Często łapię się na tym,że mimo wszystko chcę pokazać kogoś lub coś pozytywnie, to wywodzi się gdzieś z moich korzeni,że nawet jak jest bardzo źle to znajdę jakiś strzępek, odrobinkę, niszę , stronę,że pokaże ,że nie do końca jest źle, ze dzięki temu przetrwam, złe się skończy, a ja na ten łupince orzecha przepłynę ocean i przetrwam. Takie myślenie pozwala nie pogrążać się, czasem pozwala odkryć inną perspektywę albo jest jakimś sposobem na przetrwanie.

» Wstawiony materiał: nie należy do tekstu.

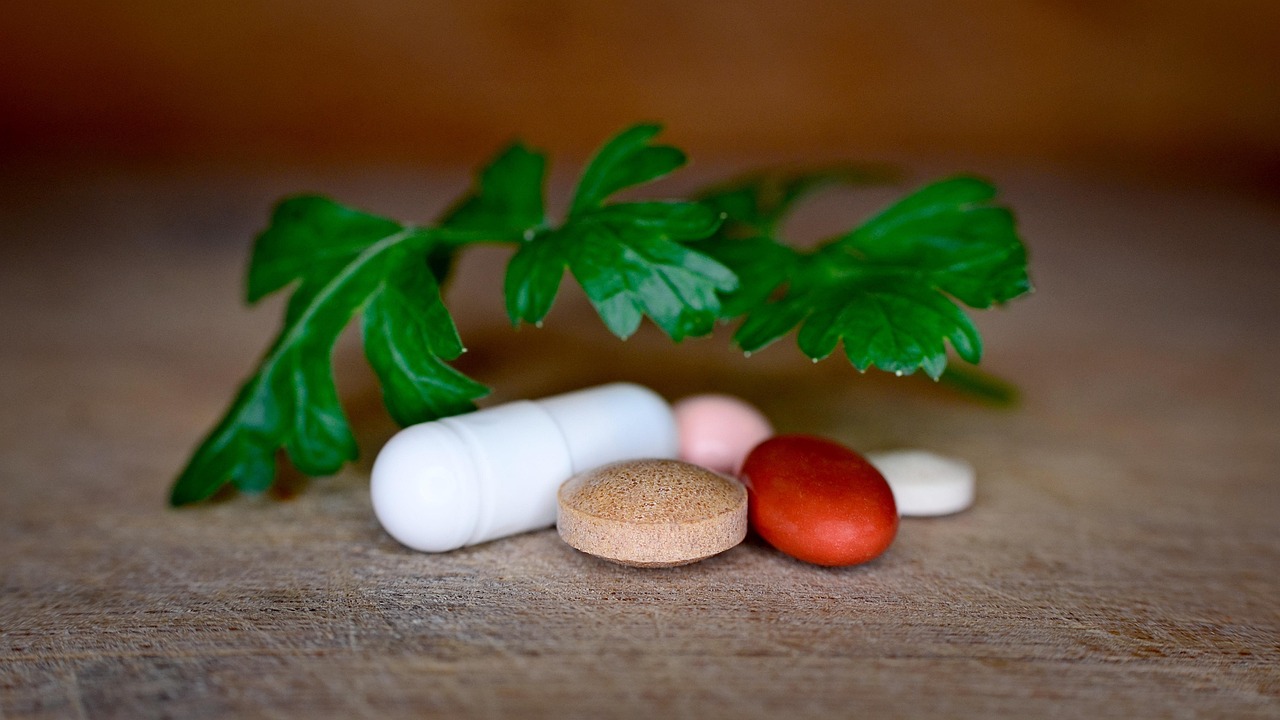 Vitamins, antibiotics, parsley — illustrating NMN vs NR: Comparing the NAD+ Precursors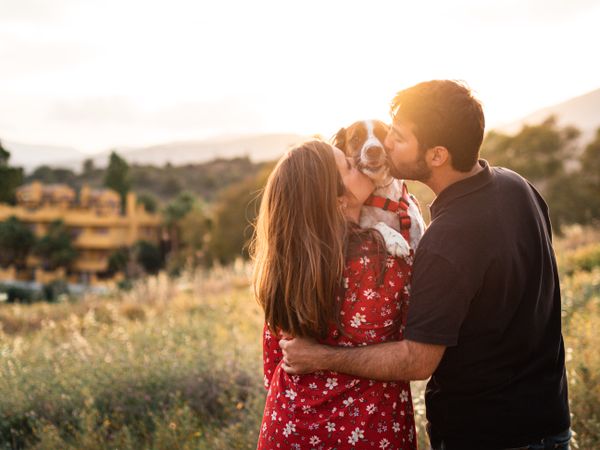 Happy couple with friendly cute dog outdoors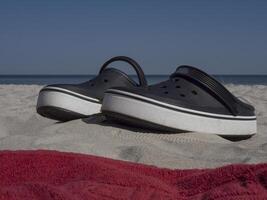 Black and white beach slippers stand on sand near the sea, with red towel in front. Slippers set by the water's edge, waiting for day at beach. Peaceful scene with beach slippers, sand, and ocean. photo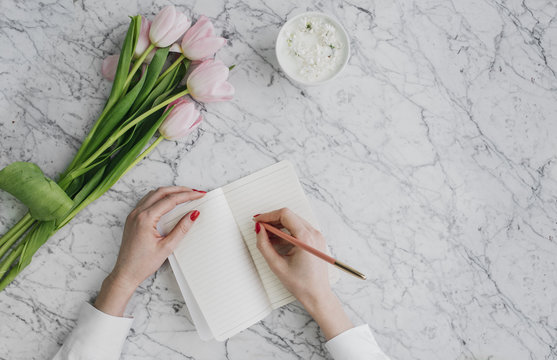 Woman Writing in Notebook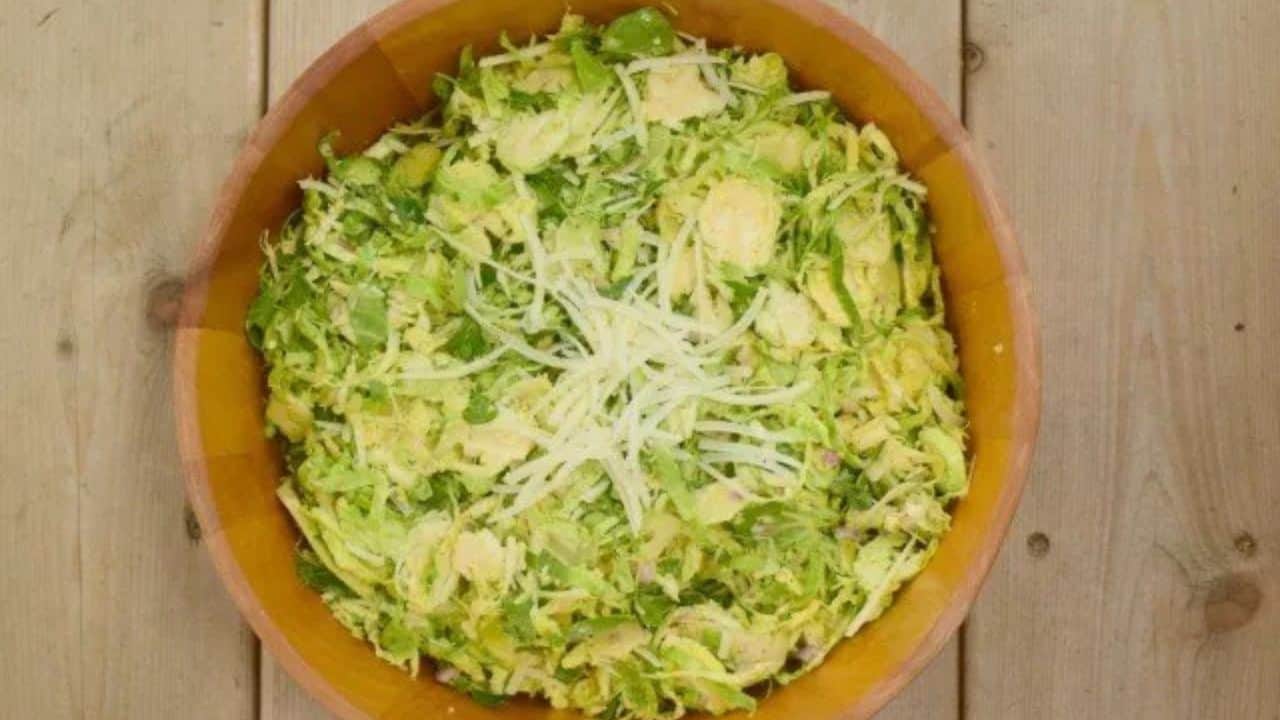 Image shows a fork holding a bite of shaved brussels sprouts salad with a clear bowl containing the rest of the serving behind it.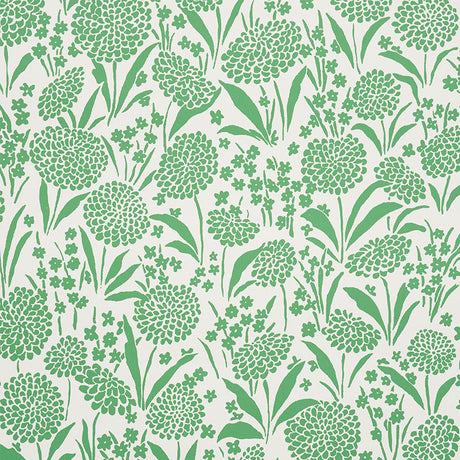 Chrysanthemum green floral wallpaper by Schumacher, shown in a bedroom setting and as a close-up pattern.
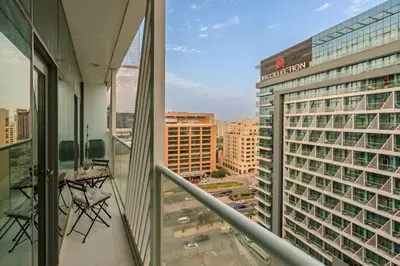 a view from the balcony of a building at Elegant 1-BR with Sea View Seven Palm, Palm Jumeirah in Dubai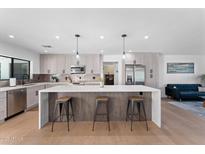 Modern kitchen with island, stainless steel appliances, and light wood cabinets at 5717 E Justine Rd, Scottsdale, AZ 85254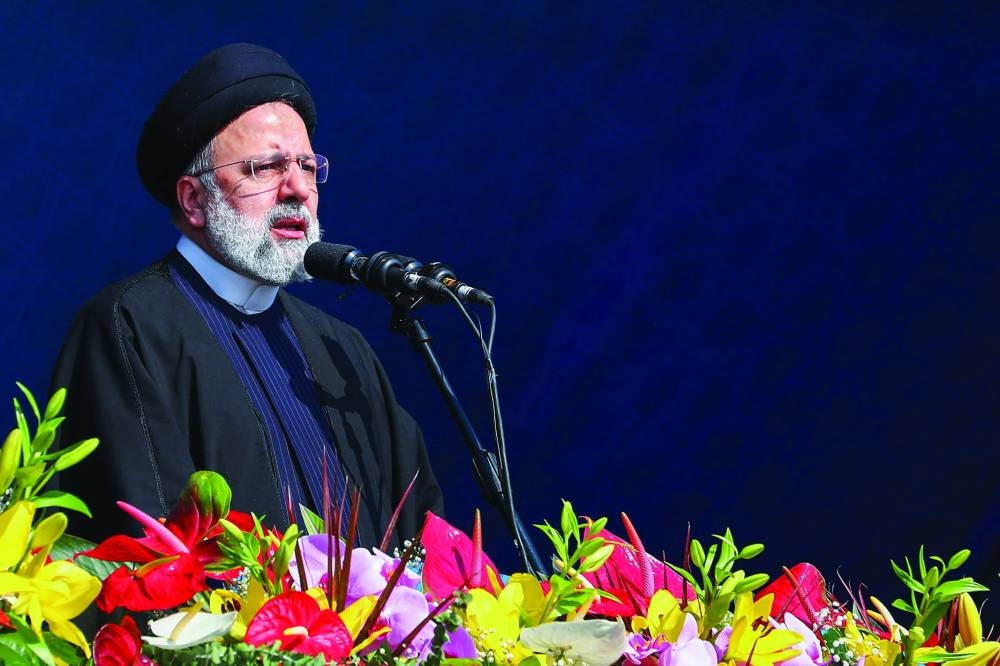 A handout picture provided by the Iranian Presidency yesterday, shows Iran’s President Ebrahim Raisi addressing the crowd in Tehran’s Azadi (freedom) square, on the occasion of the 45th anniversary of the revolution. Right: Iranians attend the 45th anniversary of the revolution in Tehran, yesterday.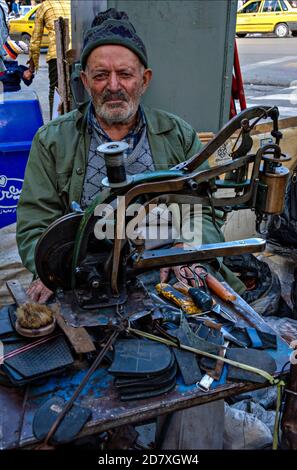Man repairing shoes outside Ardabil bazaar in a street stall, Ardabil bazaar, Ardabil, Iran Stock Photo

Często fotografuje rośny, które przebiły się na betonie, albo urosły w miejscach gdzie nie było warunków.Zapewne to przez filtr jaki mam założony na sobie.



Dwa tygodnie tamu zepsuł mi się aparat, przed impreza pracową, przed tygodniowym wyjazdem... Dzięki Oli nie musiałam rezygnować ze zdjęć, obecnie mój jest w naprawie, ale nie wiem kiedy będzie gotowy,,, źle mi było strasznie jak zaniemógł, najbardziej dlatego,że nie mama możliwości zrealizowania wszystkich pięknych obrazów jakie sobie wymyśliłam i wiadomosc ze nie mogę tak po prostu jak zobaczę swiało w mieszkaniu łapać go...


Ciągle nie wiem , w którą Iść stronę na jakiej ścieżce się skupić, i trochę błądzę,, niedawno usłyszałam coś bardo fajnego, że nie trzeba być oryginalnym ale autentycznym aby zaistnieć.Niby oczywiste a stanowi dla mnie odkrycie.Może to sprowadzi mnie na tę właściwą drogę?